The objections I previously tried to dispose of were purely logical or dialectical. No one identical term, whether physical or psychical, it had been said, could be the subject of two relations at once. This thesis I sought to prove unfounded. The objections that now confront us arise from the nature supposed to inhere in psychic facts specifically. Whatever may be the case with physical objects, a fact of consciousness, it is alleged (and indeed very plausibly), can not, without self-contradiction, be treated as a portion of two different minds, and for the following reasons.

In the physical world we make with impunity the assumption that one and the same material object can figure in an indefinitely large number of different processes at once. When, for instance, a sheet of rubber is pulled at its four corners, a unit of rubber in the middle of the sheet is affected by all four of the pulls. It _transmits_ them each, as if it pulled in four different ways at once itself. So, an air-particle or an ether-particle 'compounds' the different directions of movement imprinted on it without obliterating their several individualities. It delivers them distinct, on the contrary, at as many several 'receivers' (ear, eye or what not) as may be 'tuned' to that effect. The apparent paradox of a distinctness like this surviving in the midst of compounding is a thing which, I fancy, the analyses made by physicists have by this time sufficiently cleared up.

But if, on the strength of these analogies, one should ask: "Why, if two or more lines can run through one and the same geometrical point, or if two or more distinct processes of activity can run through one and the same physical thing so that it simultaneously plays a rôle in each and every process, might not two or more streams of personal consciousness include one and the same unit of experience so that it would simultaneously be a part of the experience of all the different minds?" one would be checked by thinking of a certain peculiarity by which phenomena of consciousness differ from physical things.

While physical things, namely, are supposed to be permanent and to have their 'states,' a fact of consciousness exists but once and _is_ a state.

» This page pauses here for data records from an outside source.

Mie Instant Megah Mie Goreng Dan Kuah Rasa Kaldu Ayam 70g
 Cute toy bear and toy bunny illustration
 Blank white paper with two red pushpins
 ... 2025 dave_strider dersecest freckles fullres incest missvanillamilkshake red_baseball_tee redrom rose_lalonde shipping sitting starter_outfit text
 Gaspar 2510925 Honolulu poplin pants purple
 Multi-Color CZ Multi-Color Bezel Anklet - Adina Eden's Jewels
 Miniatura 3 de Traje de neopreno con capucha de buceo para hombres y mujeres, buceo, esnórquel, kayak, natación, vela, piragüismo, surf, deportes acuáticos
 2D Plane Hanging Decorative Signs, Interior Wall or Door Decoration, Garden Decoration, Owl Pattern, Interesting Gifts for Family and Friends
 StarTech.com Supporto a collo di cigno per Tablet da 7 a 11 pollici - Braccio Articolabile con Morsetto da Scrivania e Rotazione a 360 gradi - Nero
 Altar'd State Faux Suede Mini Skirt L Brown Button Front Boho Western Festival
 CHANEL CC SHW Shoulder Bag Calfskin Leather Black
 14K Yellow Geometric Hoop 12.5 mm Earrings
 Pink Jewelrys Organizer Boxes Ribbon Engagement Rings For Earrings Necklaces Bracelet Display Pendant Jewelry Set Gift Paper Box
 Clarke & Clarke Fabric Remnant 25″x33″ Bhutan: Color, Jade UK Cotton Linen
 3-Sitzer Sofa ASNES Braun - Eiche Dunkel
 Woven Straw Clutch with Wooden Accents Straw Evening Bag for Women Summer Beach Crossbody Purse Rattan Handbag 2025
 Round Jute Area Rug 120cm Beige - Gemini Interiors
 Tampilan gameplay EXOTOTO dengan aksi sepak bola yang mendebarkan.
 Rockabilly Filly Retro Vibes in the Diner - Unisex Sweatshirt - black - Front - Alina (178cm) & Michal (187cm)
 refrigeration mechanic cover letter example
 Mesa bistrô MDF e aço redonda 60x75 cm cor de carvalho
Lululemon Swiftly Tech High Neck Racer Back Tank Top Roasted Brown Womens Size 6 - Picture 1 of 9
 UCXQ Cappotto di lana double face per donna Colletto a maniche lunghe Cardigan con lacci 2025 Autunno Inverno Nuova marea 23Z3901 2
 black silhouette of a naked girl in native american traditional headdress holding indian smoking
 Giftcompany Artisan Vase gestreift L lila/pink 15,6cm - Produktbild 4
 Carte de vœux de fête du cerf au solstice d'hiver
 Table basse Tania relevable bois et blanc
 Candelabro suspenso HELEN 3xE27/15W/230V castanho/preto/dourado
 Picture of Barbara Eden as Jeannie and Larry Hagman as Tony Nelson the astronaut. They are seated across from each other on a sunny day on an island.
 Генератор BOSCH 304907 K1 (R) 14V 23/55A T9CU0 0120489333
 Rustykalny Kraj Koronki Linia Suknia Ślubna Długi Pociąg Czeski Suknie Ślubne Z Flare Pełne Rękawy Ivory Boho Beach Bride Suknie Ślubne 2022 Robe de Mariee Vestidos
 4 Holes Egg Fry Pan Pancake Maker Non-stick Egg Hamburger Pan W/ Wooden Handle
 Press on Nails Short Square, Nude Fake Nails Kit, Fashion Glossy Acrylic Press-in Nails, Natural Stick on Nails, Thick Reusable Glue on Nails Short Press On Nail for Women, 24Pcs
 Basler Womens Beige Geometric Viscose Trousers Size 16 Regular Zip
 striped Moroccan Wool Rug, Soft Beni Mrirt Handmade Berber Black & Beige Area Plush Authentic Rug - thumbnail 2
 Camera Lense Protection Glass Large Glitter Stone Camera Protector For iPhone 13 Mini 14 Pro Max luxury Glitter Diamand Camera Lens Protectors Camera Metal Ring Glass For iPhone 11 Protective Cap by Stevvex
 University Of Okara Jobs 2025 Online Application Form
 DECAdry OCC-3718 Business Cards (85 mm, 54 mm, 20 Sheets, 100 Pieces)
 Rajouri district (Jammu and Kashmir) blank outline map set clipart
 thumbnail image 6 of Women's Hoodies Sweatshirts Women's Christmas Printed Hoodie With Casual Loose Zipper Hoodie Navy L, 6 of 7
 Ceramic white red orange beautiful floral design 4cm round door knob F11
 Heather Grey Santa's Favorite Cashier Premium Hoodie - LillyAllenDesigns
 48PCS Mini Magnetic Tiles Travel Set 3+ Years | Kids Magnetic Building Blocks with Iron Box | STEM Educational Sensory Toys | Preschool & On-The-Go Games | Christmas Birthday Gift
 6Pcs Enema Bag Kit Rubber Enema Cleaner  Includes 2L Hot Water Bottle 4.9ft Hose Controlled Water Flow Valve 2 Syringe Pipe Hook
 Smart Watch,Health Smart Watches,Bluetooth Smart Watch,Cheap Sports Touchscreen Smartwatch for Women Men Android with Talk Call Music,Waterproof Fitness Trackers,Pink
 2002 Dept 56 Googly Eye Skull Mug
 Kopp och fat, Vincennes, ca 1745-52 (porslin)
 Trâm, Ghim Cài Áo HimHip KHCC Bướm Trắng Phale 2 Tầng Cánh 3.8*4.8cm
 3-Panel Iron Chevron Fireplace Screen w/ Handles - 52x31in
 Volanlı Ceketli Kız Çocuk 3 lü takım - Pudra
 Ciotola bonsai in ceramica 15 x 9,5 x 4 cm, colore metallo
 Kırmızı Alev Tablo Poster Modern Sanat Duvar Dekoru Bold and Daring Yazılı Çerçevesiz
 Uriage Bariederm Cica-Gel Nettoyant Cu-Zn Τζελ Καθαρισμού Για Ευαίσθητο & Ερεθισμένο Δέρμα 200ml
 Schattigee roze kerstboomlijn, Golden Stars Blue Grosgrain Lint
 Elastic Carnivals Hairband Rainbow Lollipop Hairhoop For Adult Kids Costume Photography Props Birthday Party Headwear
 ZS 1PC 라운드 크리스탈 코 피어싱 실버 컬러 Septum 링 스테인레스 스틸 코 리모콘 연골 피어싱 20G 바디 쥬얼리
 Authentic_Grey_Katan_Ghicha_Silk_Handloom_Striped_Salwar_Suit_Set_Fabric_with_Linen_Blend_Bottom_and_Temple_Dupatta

Its _esse_ is _sentiri_; it is only so far as it is felt; and it is unambiguously and unequivocally exactly _what_ is felt. The hypothesis under consideration would, however, oblige it to be felt equivocally, felt now as part of my mind and again at the same time _not_ as a part of my mind, but of yours (for my mind is _not_ yours), and this would seem impossible without doubling it into two distinct things, or, in other words, without reverting to the ordinary dualistic philosophy of insulated minds each knowing its object representatively as a third thing,--and that would be to give up the pure-experience scheme altogether.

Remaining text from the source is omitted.